• _Work instruction_
Look for the line containing "第18话 门前的袭击者" and the line containing "марки lsd Будённовск" in the entries below. Copy those two and all lines between them exactly, leaving out pictures.

• _Stored data_
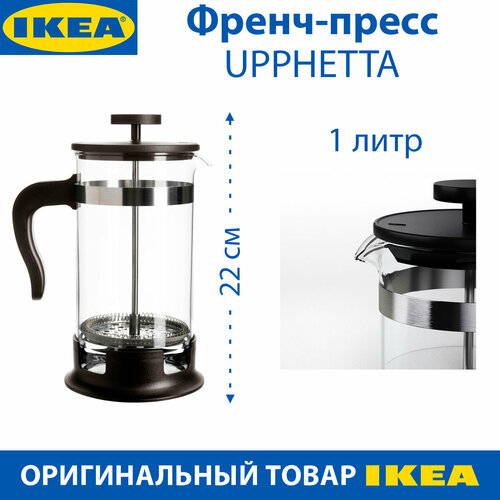 Френч-пресс IKEA - UPPHETTAуппхетта термостойкое стекло 1 л цвет черный 1 шт 2719₽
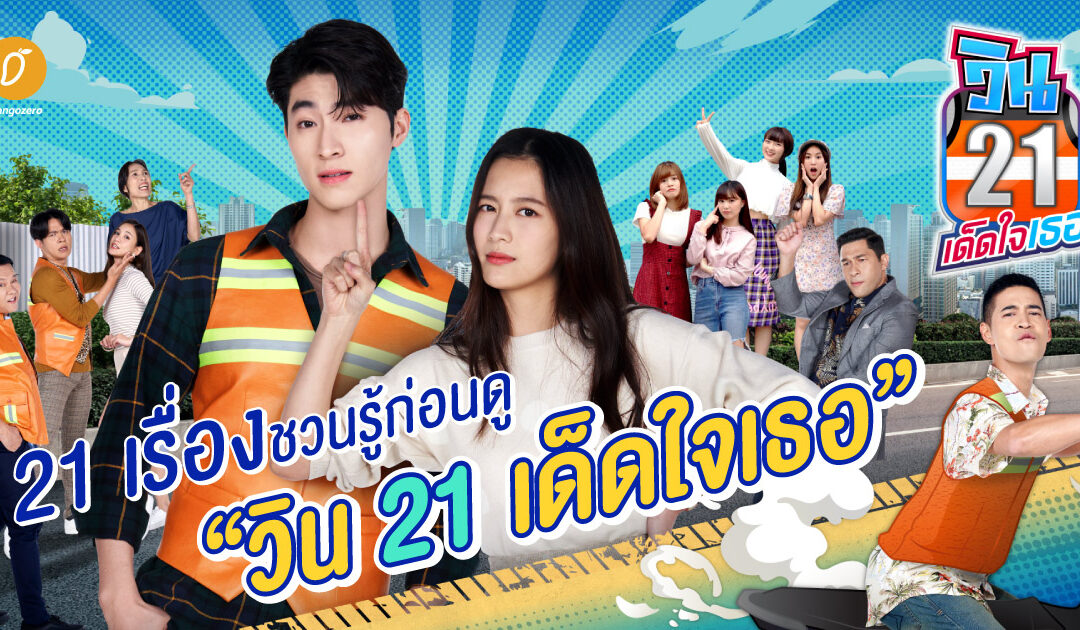 21 เรื่องชวนรู้ก่อนดู “วิน 21 เด็ดใจเธอ”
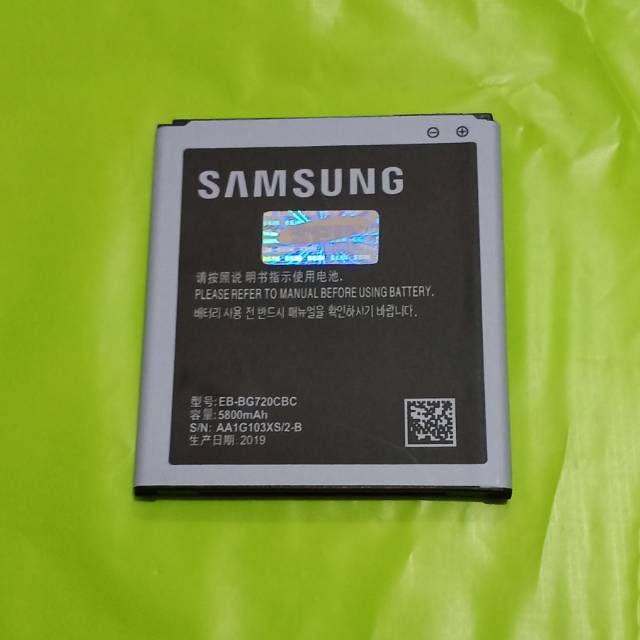 baterai Samsung grand 3 max G7200  batre batere baterei batere battery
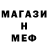 Метадон мёд mtranchi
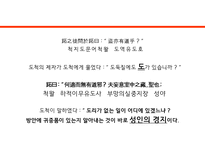 한문과 도가문화 - 장자-9
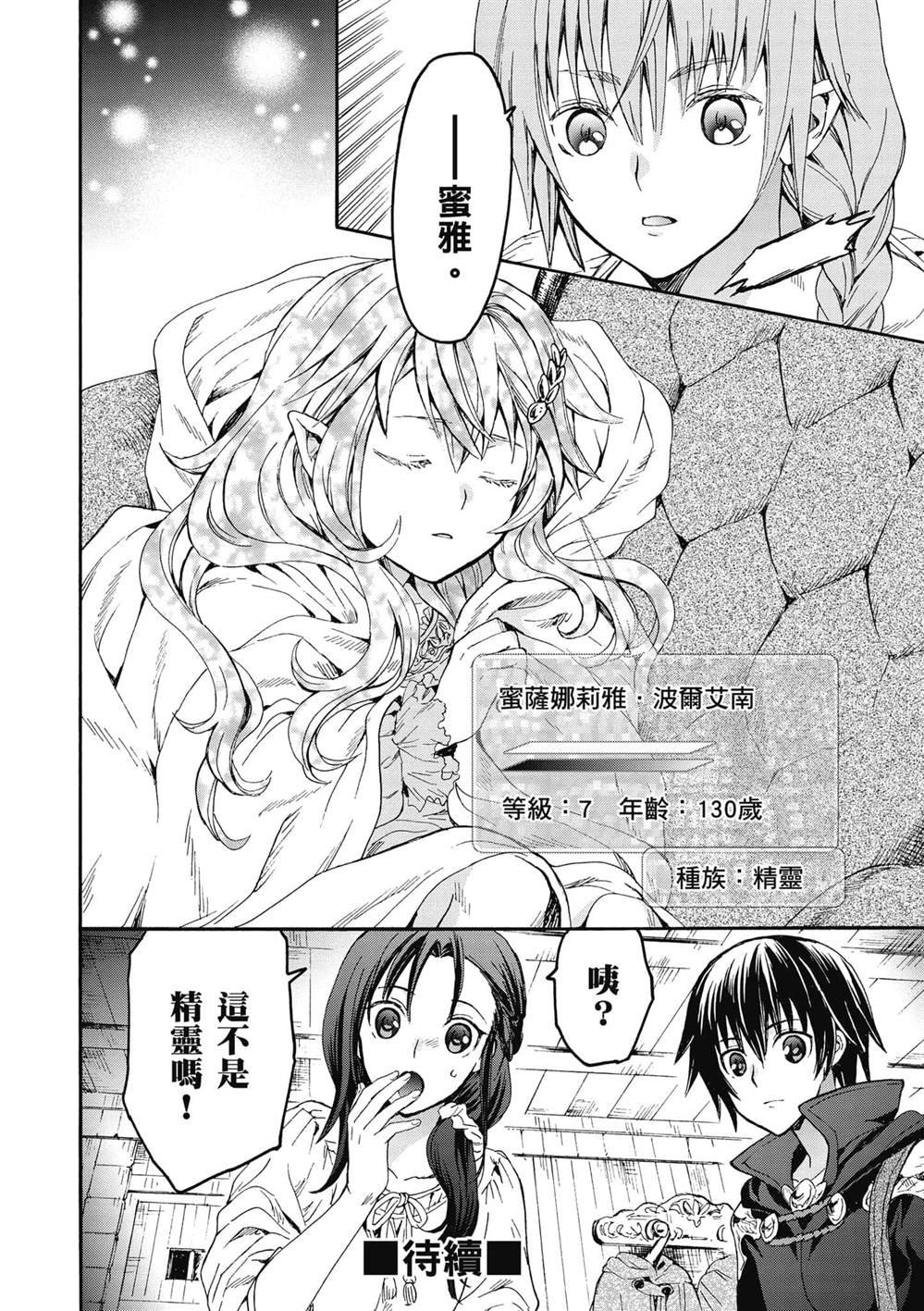 第18话 门前的袭击者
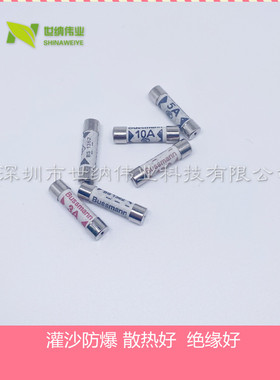 英式插头FUSE保险丝 BS1362 13A 灌沙防暴插头陶瓷保险丝管6x25mm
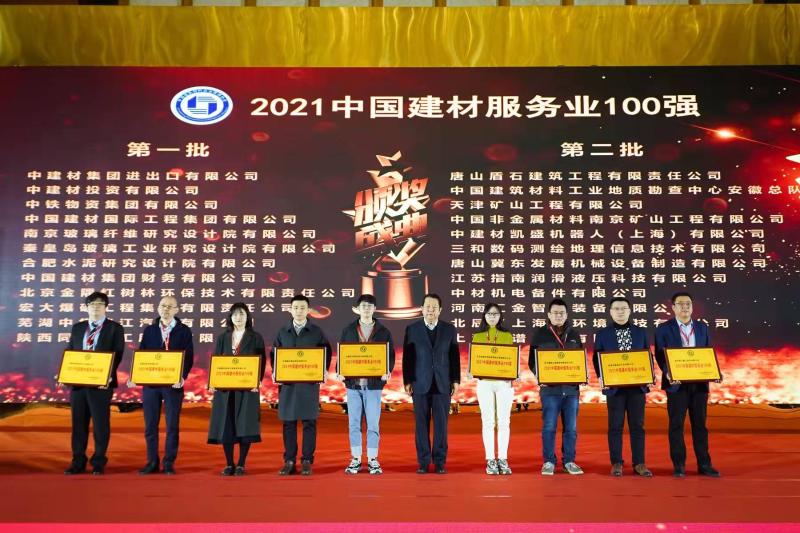 20211217合肥院荣获“2021中国建材效劳业100强”荣誉.jpg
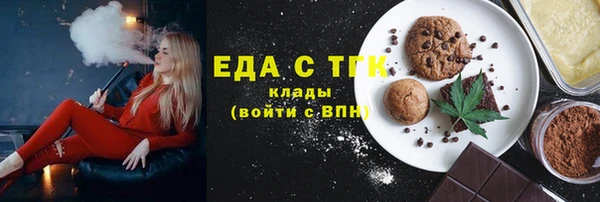 метамфетамин Ханты-Мансийск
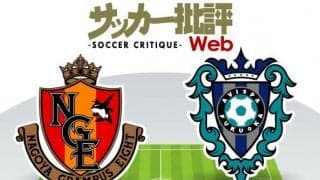 【J1プレビュー】新戦力フィットで5月以来の勝利を挙げた「名古屋と福岡」連勝を懸けて真っ向勝負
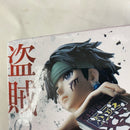 【中古】【未開封】【セット】HUNTER×HUNTER -ヒソカ/クロロ- プライズフィギュア 4点 B＜フィギュア＞（代引き不可）6541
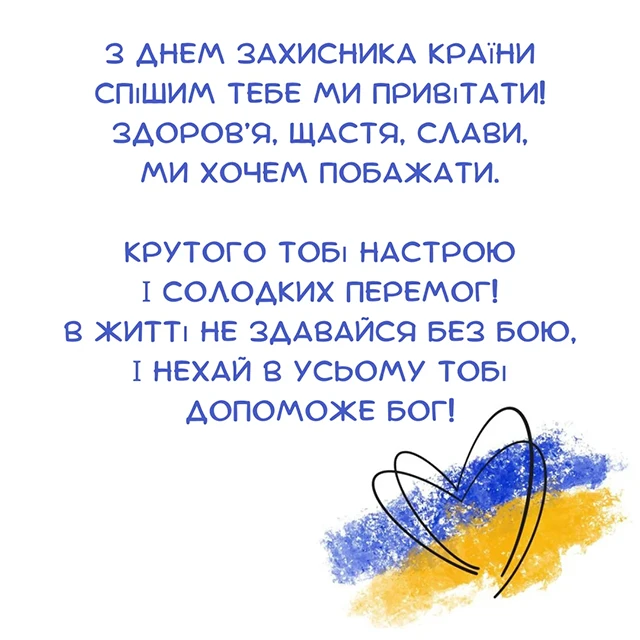 Без категорії - Привітання з Днем захисників та захисниць України 2024: щирі привітання картинки та листівки з нагоди свята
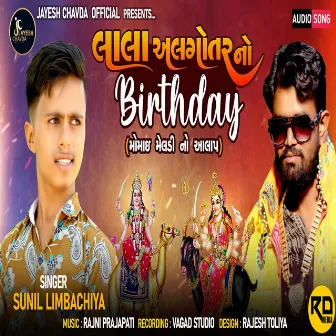 Lala Alagotar No Birthday by Sunil Limbachiya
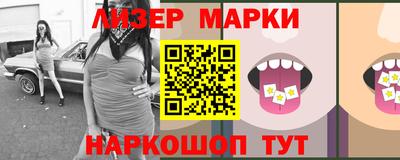 марки lsd Будённовск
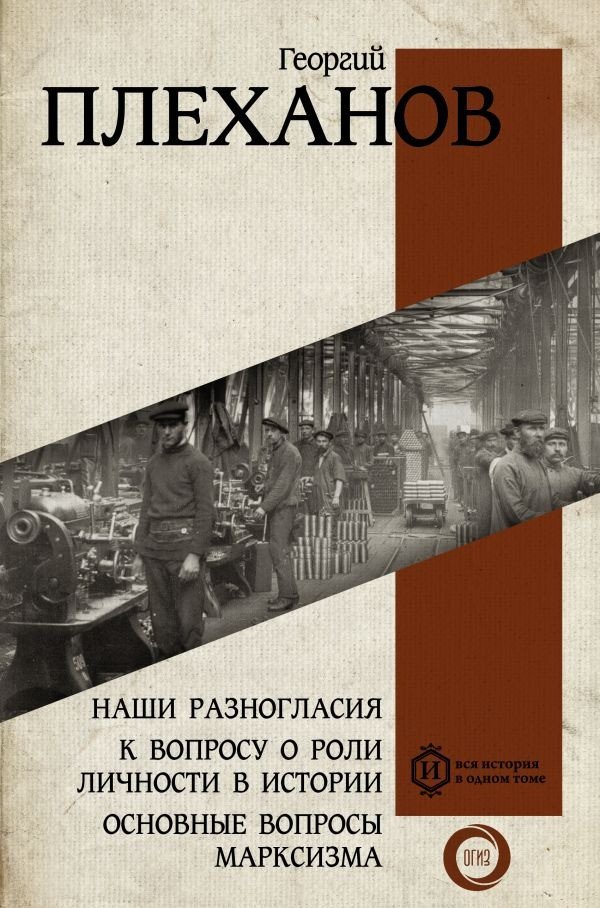 

Книга издательства АСТ. Наши разногласия. К вопросу о роли личности в истории (Плеханов Г.)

• _Answer for the task_
 第18话 门前的袭击者
 英式插头FUSE保险丝 BS1362 13A 灌沙防暴插头陶瓷保险丝管6x25mm
 20211217合肥院荣获“2021中国建材效劳业100强”荣誉.jpg
 метамфетамин Ханты-Мансийск
 【J1プレビュー】新戦力フィットで5月以来の勝利を挙げた「名古屋と福岡」連勝を懸けて真っ向勝負
 【中古】【未開封】【セット】HUNTER×HUNTER -ヒソカ/クロロ- プライズフィギュア 4点 B＜フィギュア＞（代引き不可）6541
 Без категорії - Привітання з Днем захисників та захисниць України 2024: щирі привітання картинки та листівки з нагоди свята
 Lala Alagotar No Birthday by Sunil Limbachiya
 марки lsd Будённовск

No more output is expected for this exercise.